### WHAT THIS TASK INVOLVES
Start at the line with "1 bed flat for" in the records below, stop at the line with "3830_B767F_CC-CXE_Latam_1400.jpg", and return every line in that span exactly, the two end lines included.

EXTRACTED DATA below:

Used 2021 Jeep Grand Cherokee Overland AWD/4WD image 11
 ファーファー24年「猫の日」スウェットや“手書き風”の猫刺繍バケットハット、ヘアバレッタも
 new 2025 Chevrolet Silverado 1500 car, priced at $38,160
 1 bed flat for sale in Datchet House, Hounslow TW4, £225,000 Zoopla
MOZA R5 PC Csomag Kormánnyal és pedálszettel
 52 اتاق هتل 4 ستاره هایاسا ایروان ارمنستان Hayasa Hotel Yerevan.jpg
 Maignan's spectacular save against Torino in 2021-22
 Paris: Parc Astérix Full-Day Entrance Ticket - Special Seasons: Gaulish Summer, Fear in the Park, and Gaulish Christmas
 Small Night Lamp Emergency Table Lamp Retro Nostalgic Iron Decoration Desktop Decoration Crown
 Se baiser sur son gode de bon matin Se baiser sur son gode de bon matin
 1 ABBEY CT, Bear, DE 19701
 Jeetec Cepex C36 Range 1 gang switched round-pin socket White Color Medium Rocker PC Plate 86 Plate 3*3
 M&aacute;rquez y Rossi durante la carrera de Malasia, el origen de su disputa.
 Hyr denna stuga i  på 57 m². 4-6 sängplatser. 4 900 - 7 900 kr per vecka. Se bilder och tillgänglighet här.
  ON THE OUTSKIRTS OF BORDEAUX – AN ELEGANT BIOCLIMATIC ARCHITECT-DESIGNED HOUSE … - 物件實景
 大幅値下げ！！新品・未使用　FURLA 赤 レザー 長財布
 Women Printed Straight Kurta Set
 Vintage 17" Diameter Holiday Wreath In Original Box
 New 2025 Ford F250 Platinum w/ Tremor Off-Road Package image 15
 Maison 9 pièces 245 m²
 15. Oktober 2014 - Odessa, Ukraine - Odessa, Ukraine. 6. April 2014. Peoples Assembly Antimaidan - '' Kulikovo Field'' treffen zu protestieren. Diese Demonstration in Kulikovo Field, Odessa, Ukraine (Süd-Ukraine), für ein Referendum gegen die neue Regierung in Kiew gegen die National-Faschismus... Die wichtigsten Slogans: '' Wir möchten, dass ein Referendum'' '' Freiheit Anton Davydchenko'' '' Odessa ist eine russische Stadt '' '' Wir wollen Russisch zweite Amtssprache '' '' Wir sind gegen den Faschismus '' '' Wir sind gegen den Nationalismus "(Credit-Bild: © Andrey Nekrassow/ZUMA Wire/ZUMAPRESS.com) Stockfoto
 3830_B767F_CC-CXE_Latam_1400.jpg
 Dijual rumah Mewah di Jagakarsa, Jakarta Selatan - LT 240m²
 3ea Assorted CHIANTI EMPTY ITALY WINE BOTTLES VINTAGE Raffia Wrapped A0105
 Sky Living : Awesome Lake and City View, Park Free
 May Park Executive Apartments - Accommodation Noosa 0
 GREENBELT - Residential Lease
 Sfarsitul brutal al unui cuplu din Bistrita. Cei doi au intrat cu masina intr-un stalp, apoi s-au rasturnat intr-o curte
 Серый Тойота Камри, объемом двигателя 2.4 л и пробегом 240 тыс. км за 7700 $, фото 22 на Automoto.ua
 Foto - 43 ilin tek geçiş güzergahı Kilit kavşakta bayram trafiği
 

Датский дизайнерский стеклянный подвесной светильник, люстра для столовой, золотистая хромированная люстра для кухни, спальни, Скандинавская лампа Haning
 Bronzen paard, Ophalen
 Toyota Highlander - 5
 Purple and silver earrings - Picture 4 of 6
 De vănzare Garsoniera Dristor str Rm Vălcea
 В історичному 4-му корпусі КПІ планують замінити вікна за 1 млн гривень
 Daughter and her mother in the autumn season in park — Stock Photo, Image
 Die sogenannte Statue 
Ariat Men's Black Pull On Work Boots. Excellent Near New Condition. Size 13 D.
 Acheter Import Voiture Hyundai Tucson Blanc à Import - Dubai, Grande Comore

End of EXTRACTED DATA.

### EXERCISE RESPONSE
 1 bed flat for sale in Datchet House, Hounslow TW4, £225,000 Zoopla
MOZA R5 PC Csomag Kormánnyal és pedálszettel
 52 اتاق هتل 4 ستاره هایاسا ایروان ارمنستان Hayasa Hotel Yerevan.jpg
 Maignan's spectacular save against Torino in 2021-22
 Paris: Parc Astérix Full-Day Entrance Ticket - Special Seasons: Gaulish Summer, Fear in the Park, and Gaulish Christmas
 Small Night Lamp Emergency Table Lamp Retro Nostalgic Iron Decoration Desktop Decoration Crown
 Se baiser sur son gode de bon matin Se baiser sur son gode de bon matin
 1 ABBEY CT, Bear, DE 19701
 Jeetec Cepex C36 Range 1 gang switched round-pin socket White Color Medium Rocker PC Plate 86 Plate 3*3
 M&aacute;rquez y Rossi durante la carrera de Malasia, el origen de su disputa.
 Hyr denna stuga i  på 57 m². 4-6 sängplatser. 4 900 - 7 900 kr per vecka. Se bilder och tillgänglighet här.
  ON THE OUTSKIRTS OF BORDEAUX – AN ELEGANT BIOCLIMATIC ARCHITECT-DESIGNED HOUSE … - 物件實景
 大幅値下げ！！新品・未使用　FURLA 赤 レザー 長財布
 Women Printed Straight Kurta Set
 Vintage 17" Diameter Holiday Wreath In Original Box
 New 2025 Ford F250 Platinum w/ Tremor Off-Road Package image 15
 Maison 9 pièces 245 m²
 15. Oktober 2014 - Odessa, Ukraine - Odessa, Ukraine. 6. April 2014. Peoples Assembly Antimaidan - '' Kulikovo Field'' treffen zu protestieren. Diese Demonstration in Kulikovo Field, Odessa, Ukraine (Süd-Ukraine), für ein Referendum gegen die neue Regierung in Kiew gegen die National-Faschismus... Die wichtigsten Slogans: '' Wir möchten, dass ein Referendum'' '' Freiheit Anton Davydchenko'' '' Odessa ist eine russische Stadt '' '' Wir wollen Russisch zweite Amtssprache '' '' Wir sind gegen den Faschismus '' '' Wir sind gegen den Nationalismus "(Credit-Bild: © Andrey Nekrassow/ZUMA Wire/ZUMAPRESS.com) Stockfoto
 3830_B767F_CC-CXE_Latam_1400.jpg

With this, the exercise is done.